The following Automation workflow stops the unreachable instance. Stopping the instance can result in lost data on attached instance store volumes (if present). Stopping the instance can also cause the public IP to change, if no Elastic IP is associated.

To run the AWSSupport-ExecuteEC2Rescue Automation

  1. Open the AWS Systems Manager console at https://console.aws.amazon.com/systems-manager/.

  2. In the navigation pane, choose Automation.

    -or-

    If the AWS Systems Manager home page opens first, choose the menu icon ( ) to open the navigation pane, and then choose Automation.

  3. Choose Execute automation.

  4. In the Automation document section, choose Owned by Amazon from the list.

  5. In the documents list, choose the button in the card for AWSSupport-ExecuteEC2Rescue, and then choose Next.

  6. In the Execute automation document page, choose Simple execution.

  7. In the Document details section, verify that Document version is set to the highest default version. For example, $DEFAULT or 3 (default).

  8. In the Input parameters section, specify the following parameters:

    1. For UnreachableInstanceId, specify the ID of the unreachable instance.

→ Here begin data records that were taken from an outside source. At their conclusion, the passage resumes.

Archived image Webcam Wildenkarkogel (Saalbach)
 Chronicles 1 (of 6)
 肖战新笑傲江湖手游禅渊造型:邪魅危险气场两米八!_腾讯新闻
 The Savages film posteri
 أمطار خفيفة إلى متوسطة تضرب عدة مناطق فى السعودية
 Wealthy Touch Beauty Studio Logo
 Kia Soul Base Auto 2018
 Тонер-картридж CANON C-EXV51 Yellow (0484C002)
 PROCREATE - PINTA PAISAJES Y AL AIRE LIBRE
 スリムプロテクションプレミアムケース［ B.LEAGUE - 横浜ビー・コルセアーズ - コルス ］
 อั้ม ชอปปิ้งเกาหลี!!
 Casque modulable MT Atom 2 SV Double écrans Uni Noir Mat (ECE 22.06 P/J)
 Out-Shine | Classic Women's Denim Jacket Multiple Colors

    2. (Optional) For EC2RescueInstanceType, specify an instance type for the EC2Rescue instance. The default instance type is t2.small.

    3. For AutomationAssumeRole, if you created roles for this Automation by using the AWS CloudFormation procedure described earlier in this topic, then choose the ARN of the AssumeRole that you created in the AWS CloudFormation console.

    4. (Optional) For LogDestination, specify an S3 bucket if you want to collect operating system-level logs while troubleshooting your instance. Logs are automatically uploaded to the specified bucket.

    5. For SubnetId, specify a subnet in an existing VPC in the same availability zone as the unreachable instance. By default, Systems Manager creates a new VPC, but you can specify a subnet in an existing VPC if you want.

      Note

      If you don't see the option to specify a bucket or a subnet ID, verify that you are using the latest Default version of the document.

  9. (Optional) In the Tags area, apply one or more tag key name/value pairs to help identify the execution, for example Key=Purpose,Value=EC2Rescue.

  10. Choose Execute.

The Automation creates a backup AMI as part of the workflow. All other resources created by the Automation workflow are automatically deleted, but this AMI remains in your account. The AMI is named using the following convention:

Backup AMI: AWSSupport-EC2Rescue:UnreachableInstanceId

You can locate this AMI in the Amazon EC2 console by searching on the Automation execution ID.